The brain has lived in terms of psychological time for tens of thousands of years, perhaps much longer. Time, as becoming, has been humankind’s basic mode for as long as humans have been humans. Has that fundamental direction come to an end? And is there another mode for the brain altogether?
The problem in exploring psychological time is that most people don’t realize that there is any other way to live. But there is, however rare it is. In the simplest sense, to not live in terms of time means grounding oneself in what is happening in the present, rather than coming from the past or looking ahead to the future.
In a deeper sense, it means seeing that the movement of thought is the movement of time. When thought falls silent, time ends; when time ends, thought is silent. Insight, renewal and love spring from the timeless state, not from thought in any form, including imagination.
Therefore to not live in terms of psychological time doesn’t mean returning to the animal state of pure presence, or some imagined Rousseauian Eden. Nor is it a ‘dream state,’ even in the Aboriginal sense of the term, which had the depth of thousands of years of mythologized time.
We need to make a clear distinction between chronological time and psychological time. Time by the watch, though it is still a construct of the human mind, is a very real thing, a necessity for planning, achieving goals and building anything. Without time by the sun or the watch, we would not be human.
Indeed, the dawn of our humanness occurred when people were first able to communicate a plan to meet at the end of the day with the food they had hunted or gathered. The basic capability of planning is at least hundreds of thousands of years old, though not until the emergence of ‘modern man’ less than 200,000 years ago was it fully developed cognitively.
Obviously, the human brain evolved the ability to make increasingly sophisticated plans, and all plans are based on time. But that capability has become highly dysfunctional, since on one hand humans are overrunning the earth and cutting the ground of nature out from under us, and on the other, we are spiritually dying as people and a species.
What is the essential action of living timelessly? To not living in terms of psychological time requires giving attention to what is as it arises within and around one, and remaining with it without interference. That is, to be present in the present.
This is the path of learning, which, once begun, is never-ending. Learning doesn’t even end with enlightenment, since other than during states of complete stillness of being questions and questioning go on. People often mistake questioning for a lower form of seeking, when actually it is the highest form of learning and teaching. So learning is the key, but not learning as we know it and have known it since the beginning of time.

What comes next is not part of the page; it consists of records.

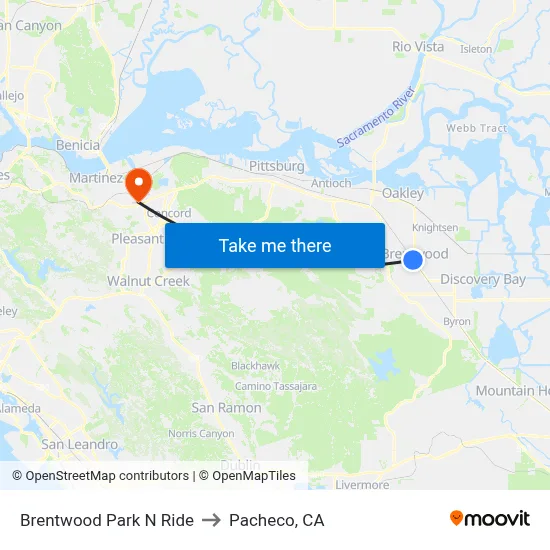 Brentwood Park N Ride to Pacheco, CA map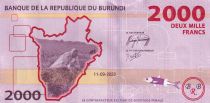 Burundi 2000 Francs - Pineapple - Burundi map - 2023 - Serial CL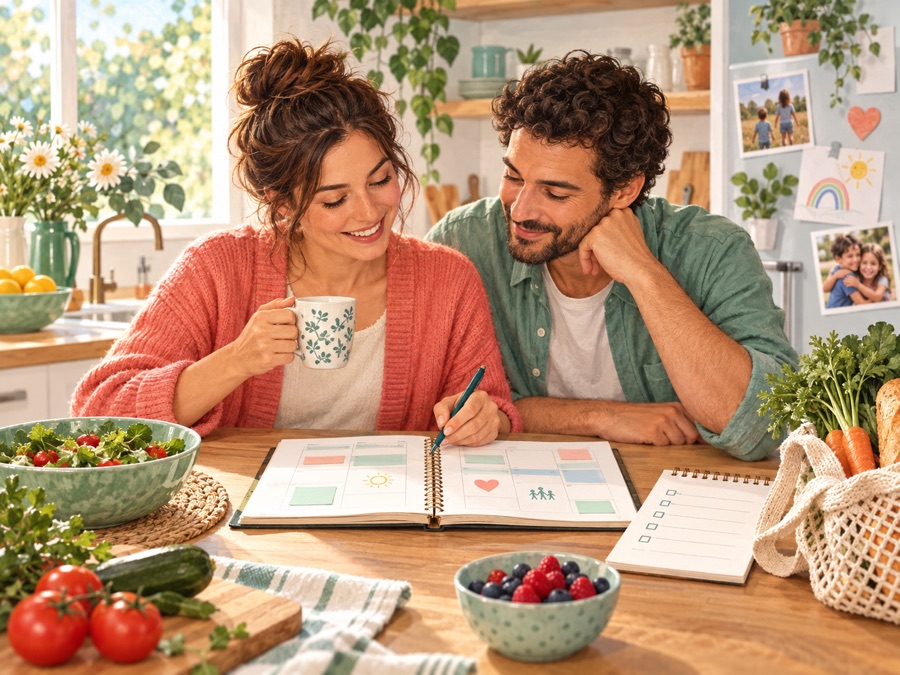 Des parents organisent sereinement la vie familiale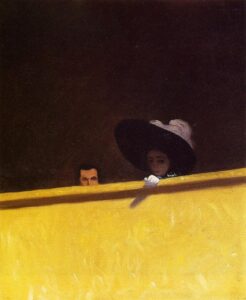 Félix Vallotton, The Loge of the Theater, a Gentleman and a Lady, 1909 Oil on canvas, 18.1 x 14.9 in Private collection
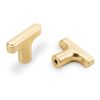 COTYKILEY 10 Pack Brushed Brass Kitchen Cabinet Drawer Pulls Solid Brass Drawer Knobs Dresser Knobs Kitchen
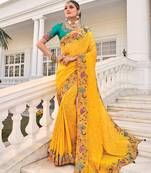 Pure crepe yellow zari saree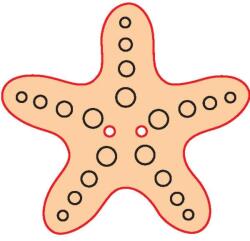 Penta collection Fafigura gomb 52 - tengericsillag 10 db/csomag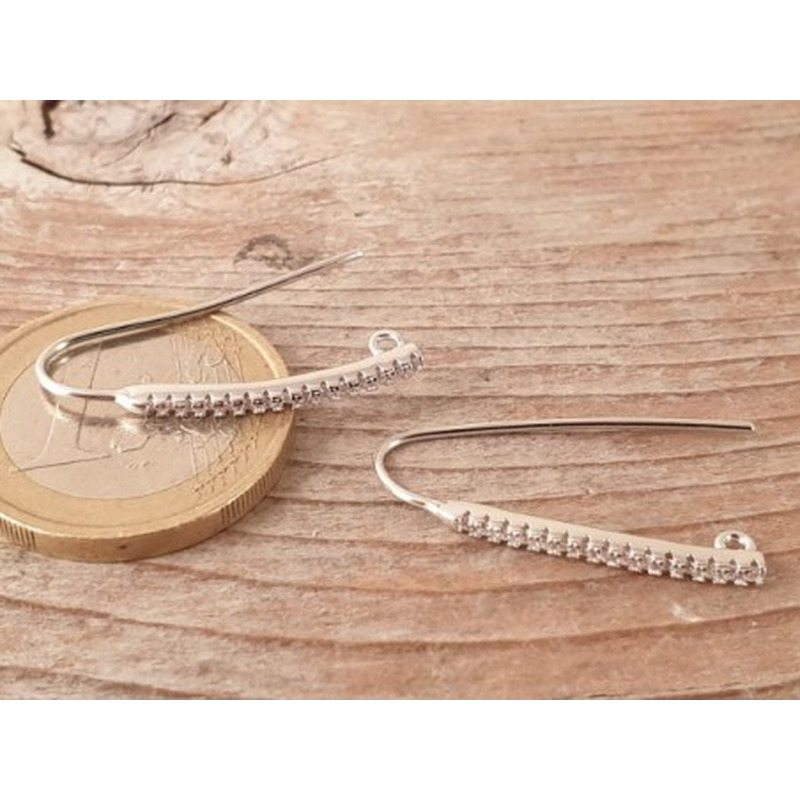 2 Stk. Ohrhaken 25mm, 925 Silber rhodiniert, Strass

There is positive learning and negative learning, and they are two completely different movements, in two completely different directions. Positive learning is accumulative, and either grows in a precise and rigorous way, as with the knowledge of science, or in the non-rational and increasingly irrational way of experience.
Negative learning has nothing to do with knowledge or experience however. It occurs when one holds knowledge in abeyance, and negates the known of experience through attention to thoughts and emotions as they arise in the moment. Paradoxically, spiritual advancement only occurs through negation.
Positive learning has its place obviously, but most people, especially highly educated people with egos and positions to maintain, assume it is the only form of learning. Not experiencing negative learning (which has nothing to do with having experiences) they are drowning in their own knowledge and experience.
The known is not just our knowledge, but our experience, conditioning, memories, associations, images and words. Not living in terms of time means not living in terms of the known. End psychological time, and the known ends; end the known, and psychological time ends.
Evidently, an illumined person does not live in terms of time at all. Is it that he or she can use knowledge and make plans as necessary, but that a transmutation occurs in them such that the baseline state of the brain is stillness and timelessness?
With these questions and insights in mind, I leave for the parkland. It’s mid-morning in early summer, and I’ve never seen the place more beautiful. A lush green canopy overhangs the placid stream, and light suffuses everything, even the shadows. Through the foliage across the creek, people walk, run and bike by, and children’s joyful voices can be heard from a couple hundred meters upstream.
Though it’s the middle of small city, there is no other sight or sound of human activity. Attention, acting without effort or will, quiets the mind, cleanses the heart and sweeps the brain clean of the detritus of recent experience. Everything is very close, without barrier, and there is the strength of vulnerability.
Just then a huge garbage truck pulls up on the closed, single-lane pedestrian road above the bank across the creek. The scene suddenly shifts from sylvan to sewer, as the noise and smell of the thing intrudes on what had been a spot of heaven.
After emptying the garbage cans, the driver gets back into the cab and turns off the motor. This is interesting, I think. I don’t want it to be there, but there it is, the essence of man of which I am an inextricable part.
Literally and metaphysically, here is the ugliness of man’s garbage and the necessity of its removal. The worker is performing that task outwardly, and one is performing it inwardly. Experiencing the timeless, one is cleansed and renewed. Learning is never-ending.